Tesis, göl sularını temizlemenin yanı sıra dikkate değer bir şey daha yapıyor: Aktif çamuru arıtarak enerji üretiyor ve sürdürülebilirliğe katkı sağlıyor. Normalde unutulmuş olan bu kaynağı enerjiye dönüştürmek, bölgenin çevresel ayak izini azaltma ve enerji dayanıklılığı kazanma yolunda atılmış önemli bir adım.
Burdur Belediyesi’nde Çevre Mühendisi olarak görev yapan Sezen Işlak, “Burdur Gölü’nün bir sesi olsaydı, inanıyorum ki memnuniyetini dile getirirdi” diyor. Işlak’ın sözleri, Türkiye’nin en büyük göllerinden biri olan Burdur Gölü’ndeki, atık suları güvenli ve doğaya zarar vermeden arıtan yeni biyolojik arıtma tesisinin yarattığı olumlu etkiyi yansıtıyor.
Güneybatı Anadolu’nun Göller Bölgesi’nde bulunan göl, iklim değişikliği ve diğer faktörlerin yol açtığı su kıtlığı nedeniyle tehdit altındaydı. Ayrıca göl atık su kirliliğinden de olumsuz etkileniyordu. Ancak Avrupa Birliği (AB), AYB Global (Avrupa Yatırım Bankası’nın uluslararası kalkınma kolu), İLBANK ve Burdur Belediyesi’nin ortak çabasıyla yıllardır süregelen bu sorunlar nihayet çözülmeye başladı.
Burdur Belediye Başkanı Ali Orkun Ercengiz, “Tesisin inşasından önce, gölü çevreleyen mevcut tesislerin atık su arıtma verimliliği yüzde 55 civarındaydı; yani göle geri dönen suyun büyük bir kısmı hâlâ kirletici maddeler taşıyordu. Yeni tesisin devreye girmesiyle birlikte bu oran yüzde 95’e yükseldi” diyor. Bu, Burdur Gölü’nün ekosisteminin korunmasına yönelik büyük bir adım anlamına geliyor.
Yeni biyolojik atık su arıtma tesisi, yalnızca havalandırma ve çökeltme işlemlerini içeren eski sistemin yerini aldı. Modernizasyon süreci mikroorganizmaların çok daha etkili bir şekilde arıtılmasını sağladı ve bir koku giderme ünitesi eklenerek geliştirme aşaması tamamlandı. Bu, yöre halkı için büyük bir yenilik ve çalışanların sağlık ve güvenliğinin korunması açısından önemli bir adım oldu.

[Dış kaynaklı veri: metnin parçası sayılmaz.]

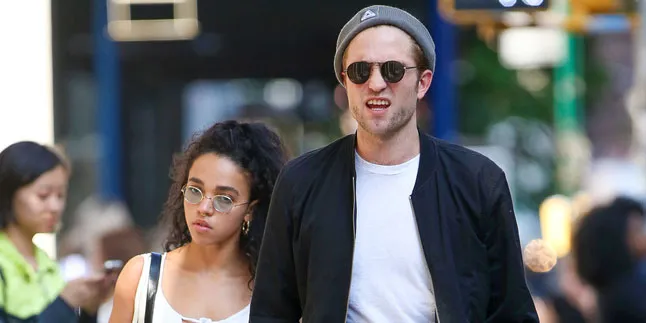 FKA Twigs & Robert Pattinson Benar-Benar Batal Nikah?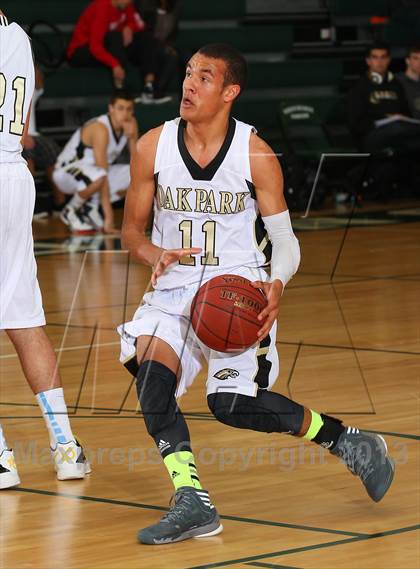 Thumbnail 1 in Leuzinger vs. Oak Park photogallery.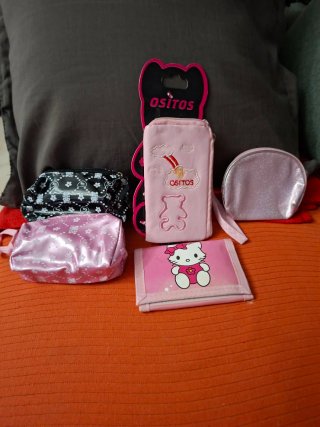 Set de 5 Monederos Hello Kitty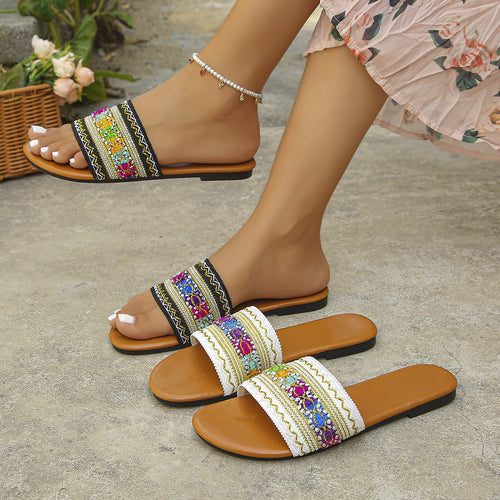 Dame mode pantofler med farverig broderi- og perleudsmykningsdesign Stilla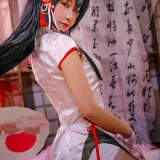可可老师《爱宕高雄旗袍双人》主题写真：46张全套美图
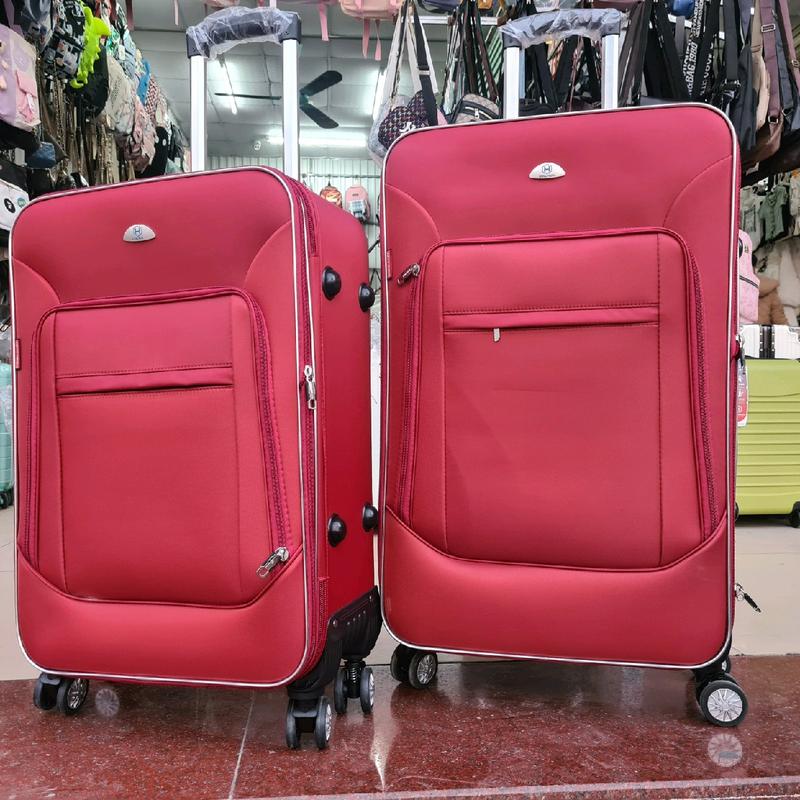 Size 28 Vali vải dù Hùng Phát đủ 3 size 20/24/28 ,có ngăn mở rộng ,tay kéo chắc chắn ,có khóa số bảo mật ,4 bánh xe có lò xo giảm sóc, quay 360 độ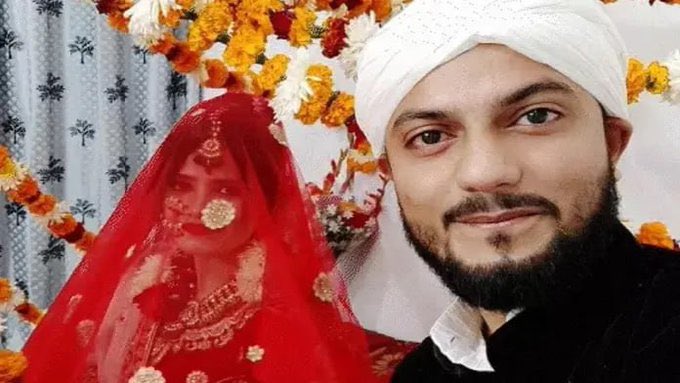 NewsAlgebraIND's tweet image. BIG NEWS 🚨 Muslim Man gives triple talaq to his wife for saying that attack on UP Police in Sambhal was wrong.

He also abandoned their 5-month-old son.

Ejazul : You are a Kafir, not Muslim.

Nida : What is wrong is wrong, and everyone has the right to defend themselves…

Yakındaki bir mahallede yaşayan Seher Özkan da bu değişimin altını çiziyor:
“Eskiden kokudan ve böceklerden çok şikayetçiydik. Sıcak yaz günlerinde pencerelerimizi bile açamıyorduk. Yeni tesis tamamlandığından beri çok daha rahatız. Hem kokudan hem de sineklerden kurtulduk.”
Bir arıtma tesisinden daha fazlası: Sürdürülebilirlik taahhüdü
Tesis, göl sularını temizlemenin yanı sıra dikkate değer bir şey daha yapıyor: Aktif çamuru arıtarak enerji üretiyor ve sürdürülebilirliğe katkı sağlıyor. Normalde unutulmuş olan bu kaynağı enerjiye dönüştürmek, bölgenin çevresel ayak izini azaltma ve enerji dayanıklılığı kazanma yolunda atılmış önemli bir adım.
Bu proje Türkiye’de belediye finansmanını desteklemeye yönelik AB destekli daha büyük bir girişimin parçası. Bu çabalar, belediyelerin ulusal çevre yasalarına uymalarına yardımcı oluyor, gelecek nesiller için güvenli içme suyuna erişim ve etkili atık yönetimi sağlıyor.